São Paulo, quarta-feira, 30 de março de 2005

Texto Anterior | Próximo Texto | Índice

As duas faces do pagode

CARLOS CALADO
ESPECIAL PARA A FOLHA

Trinta anos atrás, ele denunciou a crescente diluição do samba, num dos discos mais inovadores daquela década. Agora, Tom Zé volta à carga em "Estudando o Pagode", seu novo CD. O alvo, na verdade, é o mesmo, mas o irreverente compositor baiano soa mais engajado e ferino do que nunca.
"Existem os que propagam o pagode como ele está, o estilo cafona e a vulgaridade. Não sou um deles", afirma, em um panfleto que distribuiu à imprensa. "O gosto médio está podre", dispara.
O projeto nasceu por acaso. Ao notar que o pagode tinha se tornado trilha sonora dominante das festas de seus vizinhos de classe média, no bairro de Perdizes (SP), Tom Zé decidiu se aprofundar no assunto. Para isso, emprestou do zelador do prédio discos dos pagodeiros Belo e Netinho.
"Reparei que os produtores ventilavam por todos os gêneros de samba, para disfarçar a diluição do pagode. Pensei: se eles fazem assim, também posso fazer alguma coisa", conta o compositor, que exibe 16 supostos pagodes de sua autoria, classificando-os em gêneros que inventou, como "pagode alienado", "pagó-denúncia" e "pagó-dueto".

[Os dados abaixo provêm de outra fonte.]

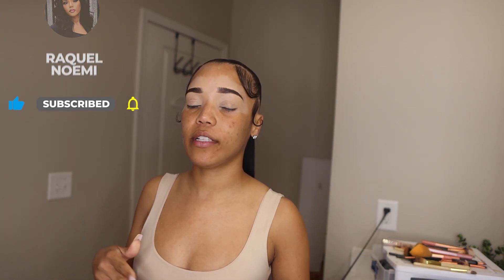Hey girl, welcome back to another video. If you're new here, my name is Raquel. Make sure to like, comment, and subscribe so you can be notified every time I post a video. As you can already see by the title of today's video, I'm going to be bringing you guys a soft glam tutorial. I've done neutral tutorials before but I want to glam the eye up a little bit more. This tutorial is going to be very simple — it's not going to be any glitter dramatic looks, but it is going to be a little bit more than what I normally do.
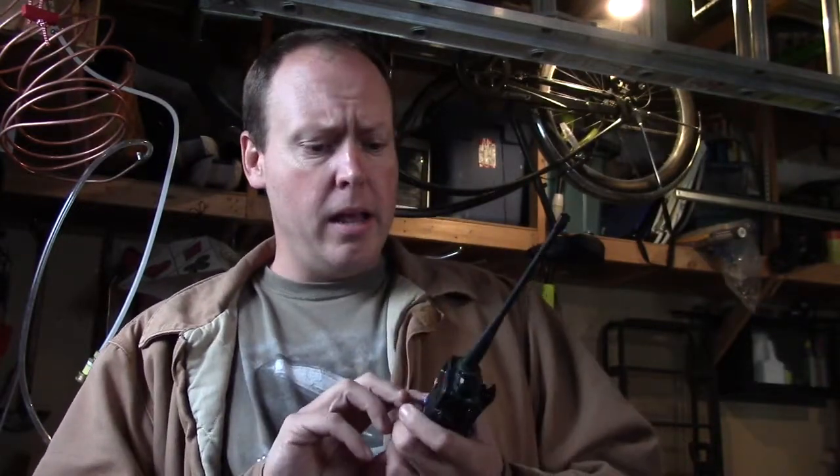You don't have a license — and I don't either — but you can buy one of these. They are not illegal to own. There are some frequencies outside of the 2-meter and 70-centimeter band that, because of the power this thing puts out, you're not supposed to transmit on. For example, the frequency those $30 Walmart walkie-talkies use — this radio can reach that frequency, but you can only listen, not talk.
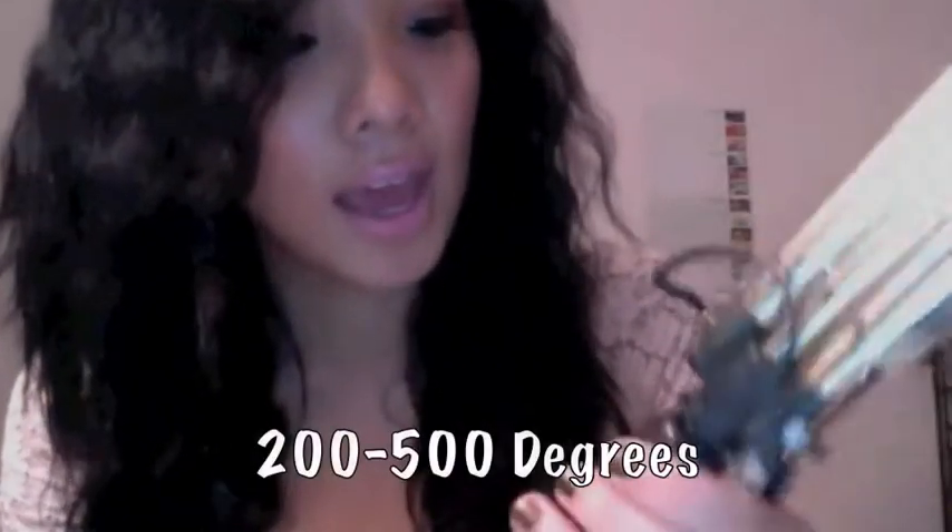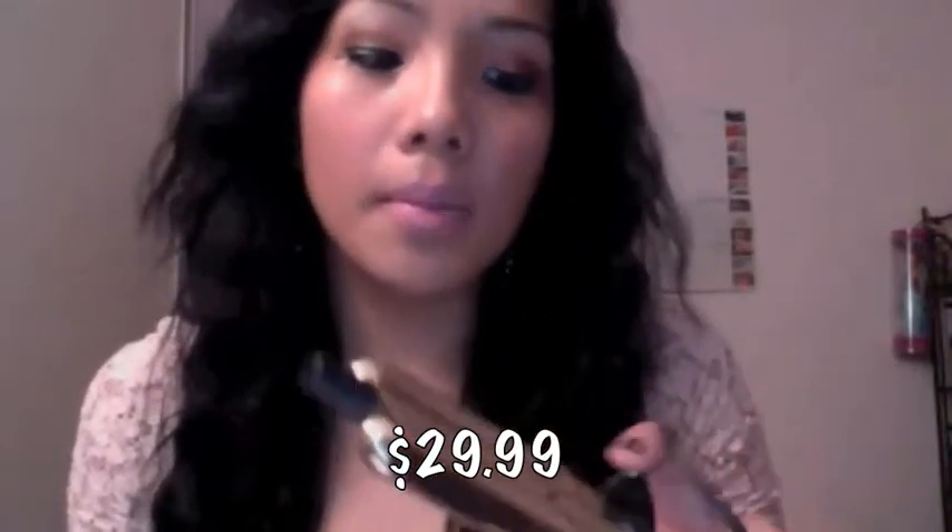The cord swivels and it's actually a decent length. The temperature range for this one is pretty good — the lowest is 200 degrees and the highest is 500. You can change the setting right there, and the on/off button is over here.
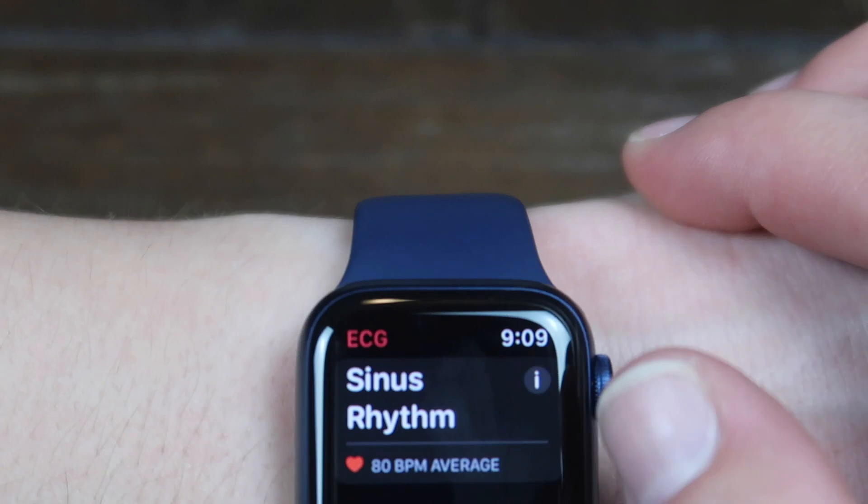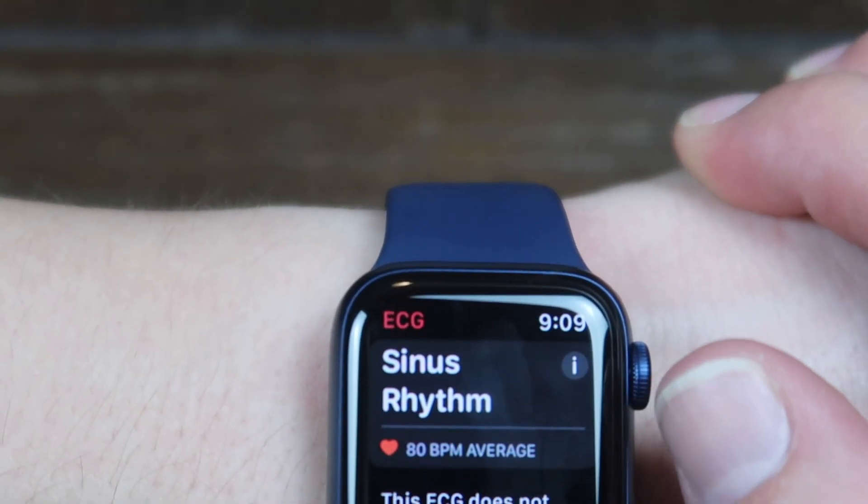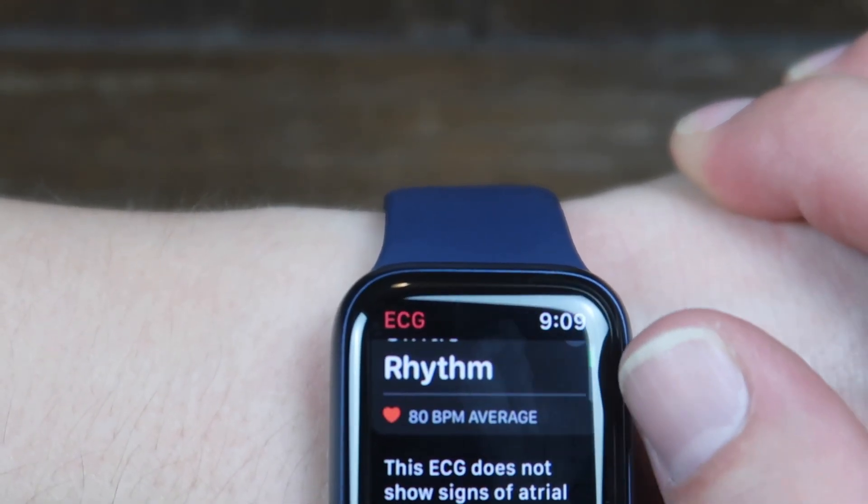And then it will give you the results. For me, it says sinus rhythm, which shows no signs of atrial fibrillation, which is good. I don't have to go to the hospital.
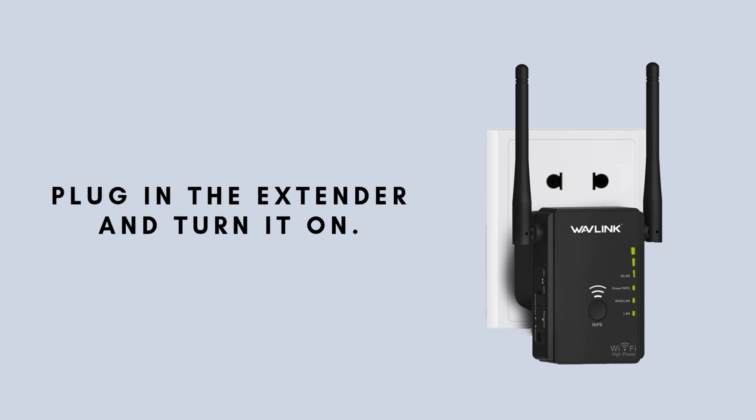First, begin by plugging in your Wavlink Outdoor Wi-Fi Extender into a power outlet, ensuring it's securely connected. Once it's plugged in, press the power button to turn on the device. You'll notice the LED indicators on the extender lighting up, signaling that it is powered on successfully.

No disco conceitual "Estudando o Pagode", artista analisa o gênero musical e reverencia o sexo feminino

Mas o militante Tom Zé não se limita à missão de dissecar e recriar a vertente degenerada do samba. Subintitulado "Na Opereta Segrega Mulher e Amor", o disco serve de veículo para uma denúncia inflamada, mas bem-humorada, da segregação que o homem tem imposto à mulher.
"Nasci mulher. Em casa eu era o fraco, apanhava no colégio", diz, explicando a origem de sua empatia pelas desventuras do sexo feminino. "O homem perdeu a possibilidade de a mulher ficar nua junto dele. A roupa é tirada, a transa acontece, mas aquela interseção que a mulher faz para levar o homem ao divino desapareceu. A mulher não tem mais confiança para abrir suas entranhas."
Quanto à idéia de utilizar um gênero teatral para discutir esse assunto, Tom Zé lembra que seu namoro com as artes cênicas é antigo. "Venho me aproximando disso. Meus discos são cada vez mais temáticos e contidos num assunto só." Mesmo assim, diz que os shows de lançamento do disco -de sexta a domingo, no Sesc Pinheiros (SP)- não serão muito teatrais. Para desempenhar a seu lado, no disco, os papéis dessa opereta, Tom convocou os cantores Suzana Salles, Luciana Mello, Zélia Duncan, Patrícia Marx, Edson Cordeiro e Jair Oliveira, que assina a produção e divide com ele os arranjos.
Já cantoras como Mônica Salmaso e Rebeca Matta não participam das gravações, mas foram homenageadas pelo compositor. "Quis trazê-las para junto de mim", justifica o compositor, orgulhoso por ter suas canções gravadas por essas intérpretes. "Eu, que nunca tinha sido gravado na minha vida, fui um dos artistas mais tocados no ano passado."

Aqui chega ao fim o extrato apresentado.